Subsidence control of generally empty spatial volumes below the earth's surface, i.e., subterranean voids, such as abandoned underground mines or tunnels, is a continuing problem especially in regions where subsequent surface development above the mine or tunnel has taken place. Most abandoned mines are normally accessible only through boreholes drilled from the surface into the mine cavity Common methods currently used for control of subsidence and stabilization of such underground mines include slurry backfilling, pneumatic backfilling, or cement grouting backfilling techniques.
Slurry backfilling has some advantages in that it is a generally low cost technique which is helpful for large scale projects where gravel or other mine refuse is readily available at or sufficiently close to the site which is to be backfilled. However, slurry backfilling technique often tend to cause further subsidence at some project sites and the technique has generally been avoided by those in the art for several years. An example of a slurry backfilling approach is disclosed in U.S. Pat. No. 3,817,039, issued to J. D. Stewart et al on June 18, 1974.
Cement grouting techniques normally use concrete columns which are formed by pumping concrete through a plurality of boreholes so as to provide support under surface structures. While such technique provides reasonably good support it is highly costly and is normally used on a relatively limited basis where its high cost can be justified.
A pneumatic, or dry, injection technique can be an effective method of backfilling underground mines with dry fill material if the subterranean cavity itself is not already flooded with water. Dry injection is often necessary to prevent the ground water contamination which is caused by using slurry methods. Further dry injection methods are used instead of slurry backfill techniques because the latter may tend to cause additional subsidence due to the flow of the water and fill material combination into an otherwise dry mine. Even though dry injection techniques tend to be higher in cost per ton than slurry injection methods, they can be economically feasible if the mine void volume is relatively small since no water wells are needed and no large pipe network is required. Accordingly, dry injection methods are often the more desired methods of the art when the subterranean void is relatively dry.
A commonly used dry injection technique is similar to the pump/slurry method disclosed in the aforesaid Stewart et al patent, except that air is used as the conveying fluid instead of water. Air at a relatively low pressure and high volume is blown into a gravel, or other fill material, metering device, such as a pocket feeder or lockhopper device. The fill material, e.g. sand, gravel, or a combination thereof, or some other solid fill material, is conveyed into a lockhopper via a conveyor belt or similar conveying device. The lockhopper feeds the fill material into an airstream conduit, the air and fill material passing vertically through the conduit to the mine void in a manner such as is shown in FIG. 1. Such a method raises at least two major problems.
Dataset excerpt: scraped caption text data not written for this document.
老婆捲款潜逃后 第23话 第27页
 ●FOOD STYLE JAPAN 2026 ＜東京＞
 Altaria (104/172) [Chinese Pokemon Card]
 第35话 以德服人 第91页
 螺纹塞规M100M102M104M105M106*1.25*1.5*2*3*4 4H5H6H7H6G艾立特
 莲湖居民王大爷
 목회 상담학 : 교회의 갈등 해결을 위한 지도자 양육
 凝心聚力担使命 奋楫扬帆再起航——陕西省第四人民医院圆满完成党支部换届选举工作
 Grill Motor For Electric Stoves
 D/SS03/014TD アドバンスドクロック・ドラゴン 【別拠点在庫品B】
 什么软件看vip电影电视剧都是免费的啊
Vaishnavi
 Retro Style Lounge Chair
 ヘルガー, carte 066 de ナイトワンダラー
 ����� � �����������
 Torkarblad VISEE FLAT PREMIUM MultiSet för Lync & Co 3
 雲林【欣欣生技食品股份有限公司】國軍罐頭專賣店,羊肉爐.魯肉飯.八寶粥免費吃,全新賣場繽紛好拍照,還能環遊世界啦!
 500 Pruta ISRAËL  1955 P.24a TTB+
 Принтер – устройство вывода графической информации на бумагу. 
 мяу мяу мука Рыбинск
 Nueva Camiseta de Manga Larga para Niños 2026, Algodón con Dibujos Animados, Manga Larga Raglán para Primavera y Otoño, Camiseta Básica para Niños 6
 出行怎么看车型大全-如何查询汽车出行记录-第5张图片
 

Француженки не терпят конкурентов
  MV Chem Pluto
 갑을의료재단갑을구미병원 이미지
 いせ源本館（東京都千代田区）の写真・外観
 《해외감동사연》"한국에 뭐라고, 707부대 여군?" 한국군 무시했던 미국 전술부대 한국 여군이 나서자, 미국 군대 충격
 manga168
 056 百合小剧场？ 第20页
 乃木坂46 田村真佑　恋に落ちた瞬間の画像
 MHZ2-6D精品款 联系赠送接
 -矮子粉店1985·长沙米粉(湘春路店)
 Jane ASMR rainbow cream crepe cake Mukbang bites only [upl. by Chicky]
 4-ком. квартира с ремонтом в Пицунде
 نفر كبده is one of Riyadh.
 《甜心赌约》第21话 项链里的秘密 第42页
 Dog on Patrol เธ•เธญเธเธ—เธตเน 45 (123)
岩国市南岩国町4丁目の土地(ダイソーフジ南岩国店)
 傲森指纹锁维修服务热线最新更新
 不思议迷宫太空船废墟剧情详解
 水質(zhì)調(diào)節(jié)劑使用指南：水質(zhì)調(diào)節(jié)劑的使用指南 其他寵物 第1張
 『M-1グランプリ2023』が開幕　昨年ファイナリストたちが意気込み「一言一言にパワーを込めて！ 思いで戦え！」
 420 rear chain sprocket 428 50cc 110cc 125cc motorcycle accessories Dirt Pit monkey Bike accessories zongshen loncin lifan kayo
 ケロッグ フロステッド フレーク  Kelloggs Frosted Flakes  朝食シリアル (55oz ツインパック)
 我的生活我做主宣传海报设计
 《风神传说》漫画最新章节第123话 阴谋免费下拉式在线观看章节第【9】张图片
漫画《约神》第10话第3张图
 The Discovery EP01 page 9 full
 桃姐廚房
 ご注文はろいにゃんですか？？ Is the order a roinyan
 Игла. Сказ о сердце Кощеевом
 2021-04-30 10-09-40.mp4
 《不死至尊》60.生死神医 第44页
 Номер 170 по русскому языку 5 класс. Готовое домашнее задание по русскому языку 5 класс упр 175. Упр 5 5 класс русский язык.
First, the material is not effectively directed into the mine at the entry point thereof by any deflection, or flow turning, device, i.e. the flow material is merely directed downwardly in a vertical direction from the conduit exit and the fill material does not extend very far beyond the bottom of the conduit. Secondly, the pocket feeder or lockhopper is subject to extensive wear, especially at the seal faces which must seal the air and the abrasive fill material.
Typically, the fill materials which have been most often used for such dry injection method are flyash, sand or gravel, or other similar materials. While flyash tends to work reasonably well in that it flows relatively freely in the mine void so as to allow relatively large amounts of material to be injected at each borehole, such material is usually not utilized because it is not readily available and is relatively costly. Sand and/or gravel are generally more readily available and more economical to use. When the latter material is transported pneumatically, it can be moved relatively easily down the borehole pipe but, as it enters the mine void through the vertical borehole, it builds up a conical pile of material beneath the borehole as shown in FIG. 1. The conical pile assumes a general angle of repose and then builds up to a height where it reaches the bottom of the borehole pipe so that the flow is thereupon choked off and no further fill material can enter the void.
Various methods have been tried in order to mechanically direct the downward flow away from the exit end of the borehole pipe so that the direction of travel of the fill material is deflected away from the vertical. For example, elbows or other baffles or deflection surfaces are positioned at or in the bottom of the borehole pipe but such devices achieve little or no success when used with abrasive materials such as sand and/or gravel, and the like. The high velocity airflow at the pipe exit, e.g., up to 140 feet per second, tends to cause the abrasive fill material to bombard whatever deflection or turning device is installed at the end of the borehole pipe and, thereby, bring about rapid wear thereof, and subsequent failure of the device.
As a result of the problems which have arisen with the injection of dry solid fill materials, an alternative solution currently used in the field is to drill a plurality of boreholes at strategic locations over the subterranean void and to blow solid material straight down through each borehole without using any deflection devices. Such an approach further unduly increases the cost and time needed to back fill the subterranean void.
It is desirable to devise a technique for performing such backfill operation at a reasonable cost and avoid the problems which arise in using the above discussed techniques.